Eating With Publicans and Sinners
I love Sundays.
My children love Sundays. In fact, they love them so much I’m sure they learned the days of the week so they could know when the next Sunday was coming.
“What day is it daddy,” they’d ask. “What day comes after that.” They would keep asking until they knew just how many days there were left until the next Sunday.
I might be stretching it a bit, but they may have learned to count for the same reason.
Each week, our anticipation rises as we make ready our home for the covenant families who will share the Sabbath with us.
Our kids start naming the families by their vans and cars as we pull in the parking lot at the building where we meet. I’m careful not to call it our church, because, we know it’s not; it’s just brick and mortar. We know the people are the church.
Once we’re all inside they shuttle back and forth from the front door announcing new arrivals like a butler announces guests to a Jane Austen ball.
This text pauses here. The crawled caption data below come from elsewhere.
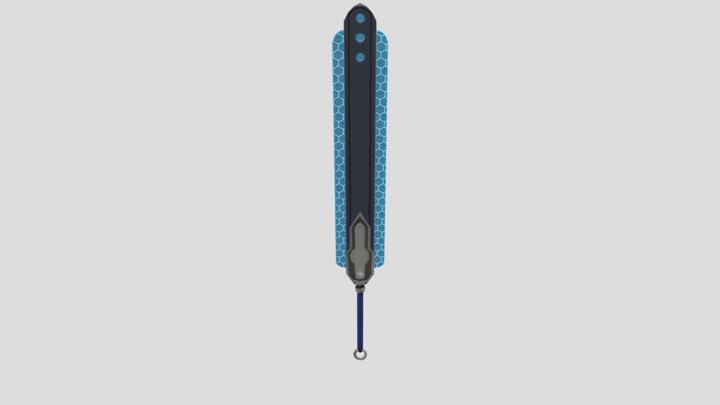 Greatsword Weapon 3D Model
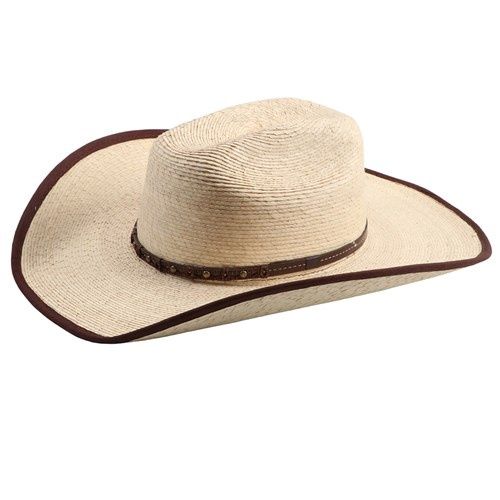 Ponderosa Palm Leaf Hat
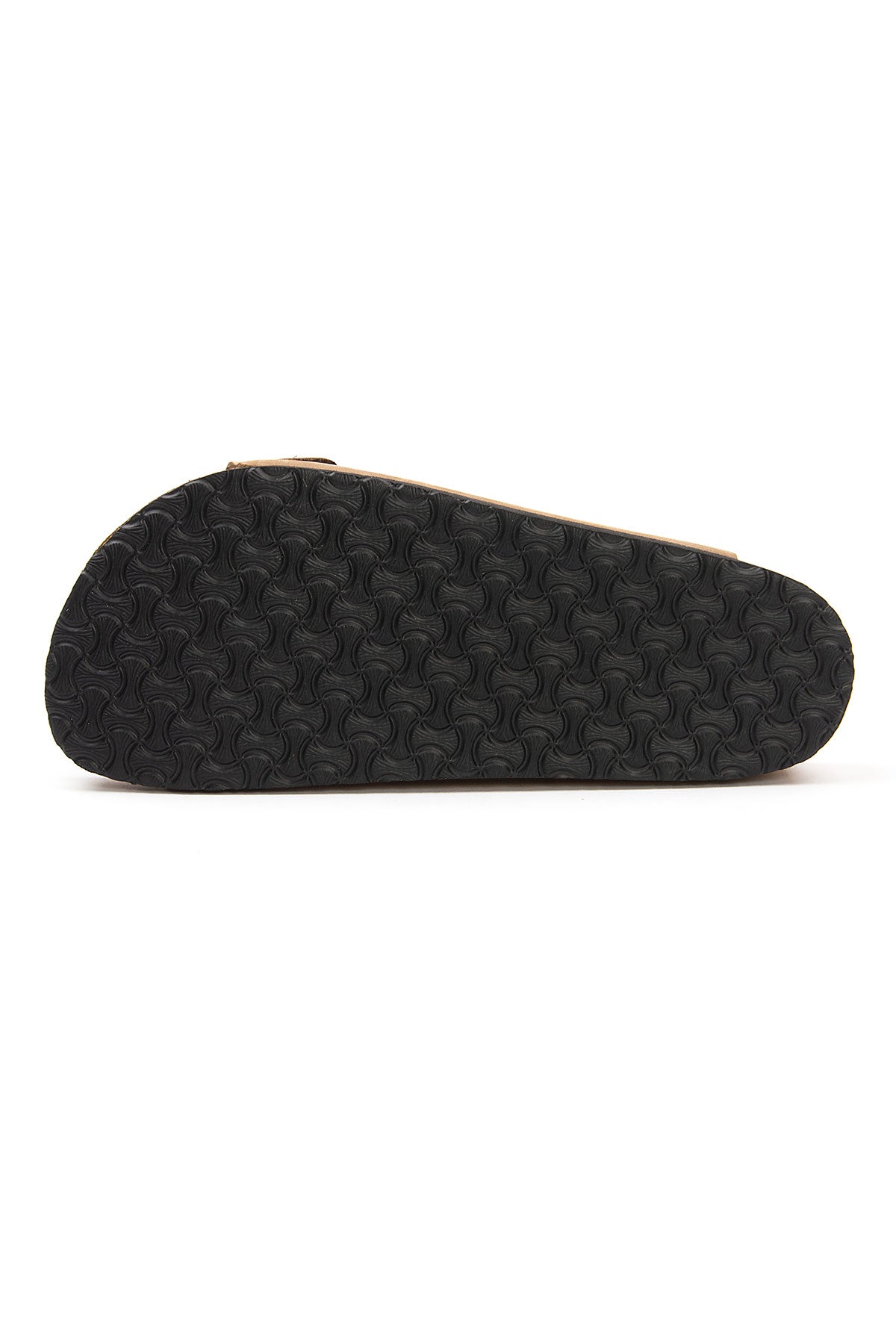 Pegia Santio Nubuck Unisex Buckle Slippers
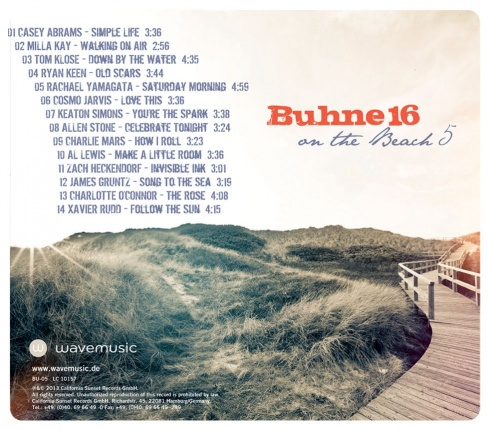 Buhne 16 - on the beach 5 - deluxe CD compilation Vorschau 1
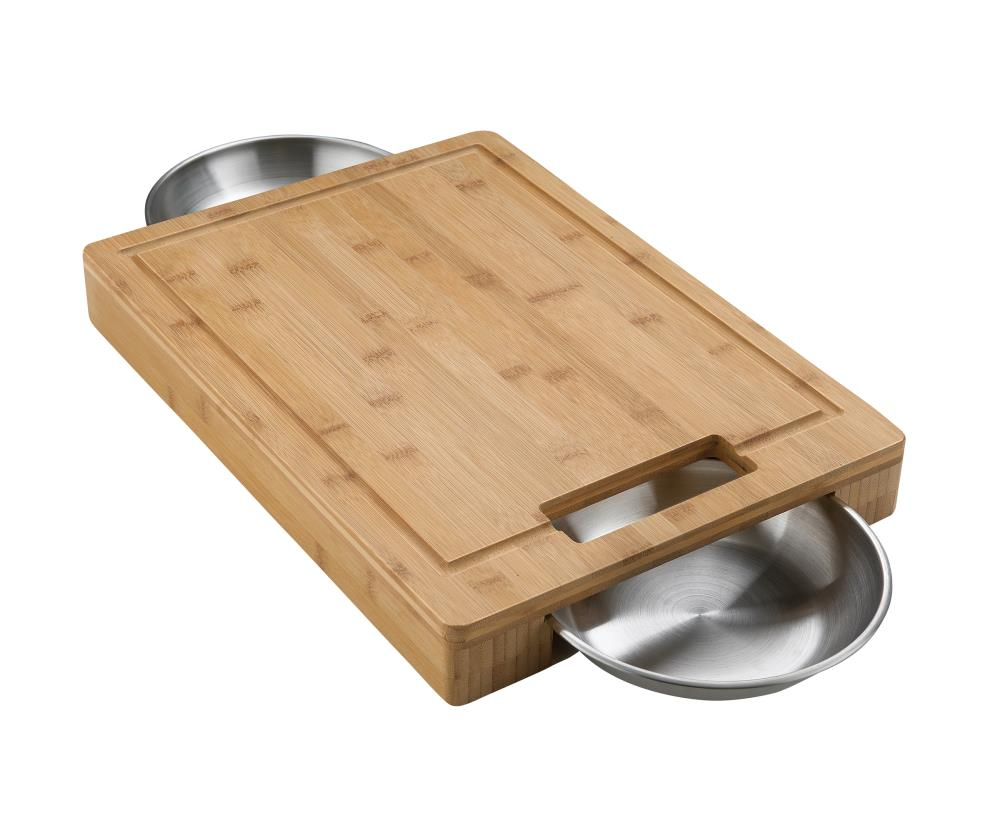 Napoleon Grill Accessories Napoleon PRO Bamboo Cutting Board with Bowl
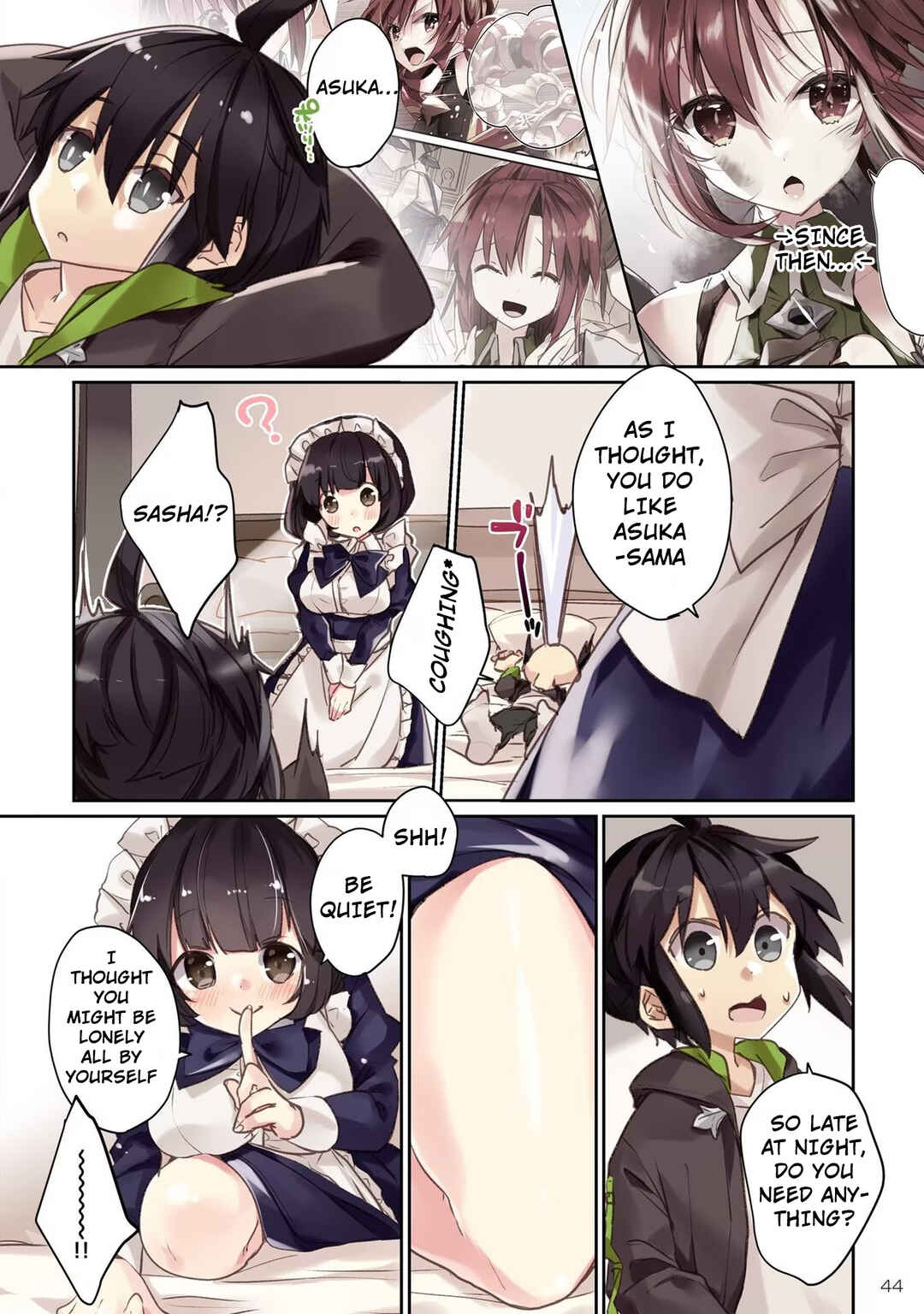 Page 11 Chapter 2 Hiten no Asuka ~Isekai no Shoujo ni Saikyou Takara-gu Ataeta Kekka~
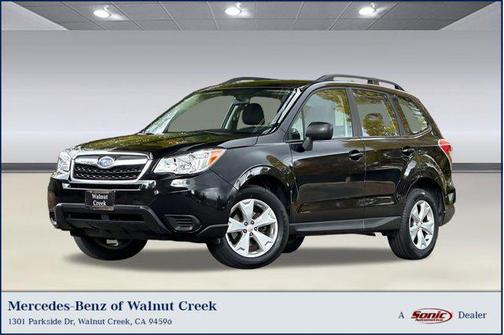 2016 Subaru Forester 2.5i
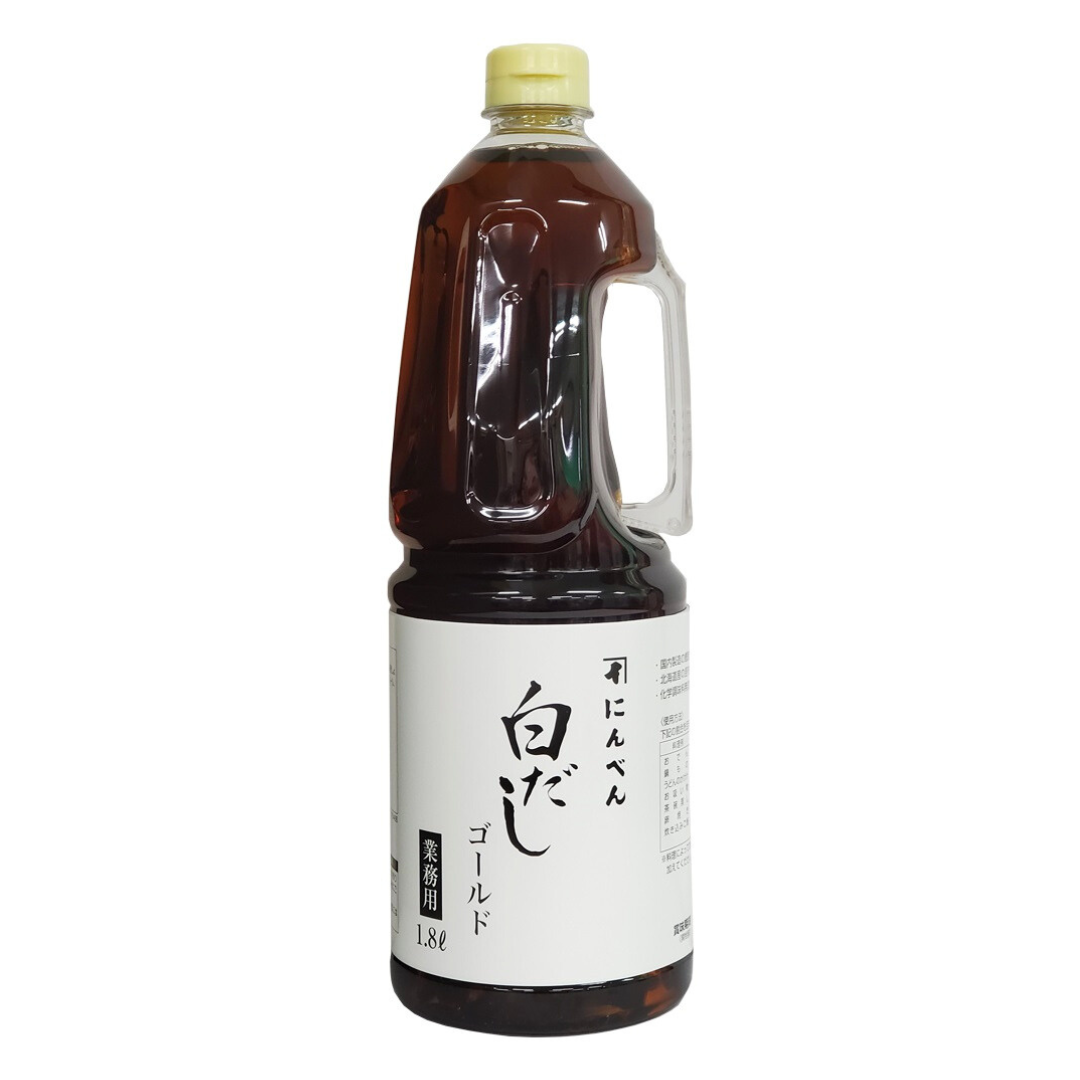 NINBEN Shiro Dashi Gold 1.8L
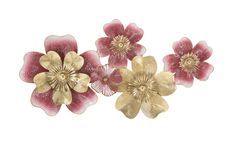 Panneau mural en fer lobi cm 91,4x6,4x50,8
As toddlers weave in and out under hugs and handshakes, conversations begin to fill the room like the tuning up of an orchestra. Once all the “Beautiful People,” as we affectionately call them, are present and accounted for, we begin our worship service.
We pray, answer our call to worship by singing His praises and confessing our sins. Next, we read a lengthy passage from Scripture and then hear the preaching of the Word. As each sermon comes to an end, the anticipation begins to rise in all our hearts. Everyone knows what is coming next, and the preacher closes his message with a reminder that we, the people of God, have been invited to join our King at His table.
This is my favorite part of my favorite day, and from the way some of our younger members glow with enthusiasm as they come, it must be theirs as well. They know that whether they’ve been naughty or nice, pastor is still going to give them a large piece of fresh homemade bread and a big drink of wine.
When we close our eyes and bow our heads as a family, I often find myself overwhelmed at their innocent beauty in the same way I am when I look into their faces when they sleep. There’s something transcendent in their collective countenances that reminds me of heaven.
But even at this moment of spiritual serenity, there slithers into our garden an unwelcome guest seeking to conceal himself in our midst. He takes this opportunity when we should be most aware of our sinfulness and soothes us into a hypnotic state of our own goodness. We’re so used to him reminding us of our sins that we might be tempted now to allow him to help us forget them.
Our clothes are tidy, our hair is in place, we smell of soap and cologne, and we are gathered with the loveliest people we have ever known. Standing at our best, receiving the body and blood of our Lord by invitation of the King of Heaven, our pastor prays a blessing over us. What could be more wonderful than this!
But at this moment, the enemy of our soul offers sweet words to our sinful hearts we find hard to resist. He tells us how good we’ve been and how our righteousness has earned us this place of honor where we now stand.
But as the proverb says, “Put a knife to your throat as you consider his dainties, for they are deceitful meats.”
There is only one “guest of honor” at this table, and it is Christ. We are the publicans and sinners He has not given up his habit of eating with. We are the blind the halt and the maimed pulled from the highways, byways, and hedges when others refused to come.
Even though we find ourselves clothed in His robes and wearing His ring, we need never forget the home we had with the hogs as we wallowed in our sinfulness.
God has indeed taken our sins and cast them in the sea of forgetfulness never to be remembered against us evermore, but He invites us to remember them. In fact, the memory of our sinfulness should set our hearts soaring with gratefulness and remind us further of the grace that comes in our humility.
As God called the children of Israel to remember the Passover each year ,they were reminded of their former slavery and the great salvation needed and provided by God.
Paul reminded the Corinthian church they were fornicators, idolaters, and adulterers before they were washed, sanctified, and justified in the name of the Lord Jesus, and by the Spirit of our God.
He taught this point so strong he was worried the saints might get the impression they should continue in their sin that grace would abound. “God forbid,” he said.
The fact is, their utter wretchedness, and ours, brings glory to God by showing His grace to an undeserving people.
May we think of the words of David as we come to the Royal Table:
Have mercy upon me, O God, according to thy lovingkindness: according unto the multitude of thy tender mercies blot out my transgressions. Wash me thoroughly from mine iniquity, and cleanse me from my sin. For I acknowledge my transgressions: and my sin is ever before me. (Psalm 51:1-3)
May our sins be ever before us as we come with humility to the feast of forgiveness. May our righteousness be as filthy rags in our own eyes as it is in His. And may we never forget His Grace that loved us before we knew Him, and sought us when we were not seeking Him.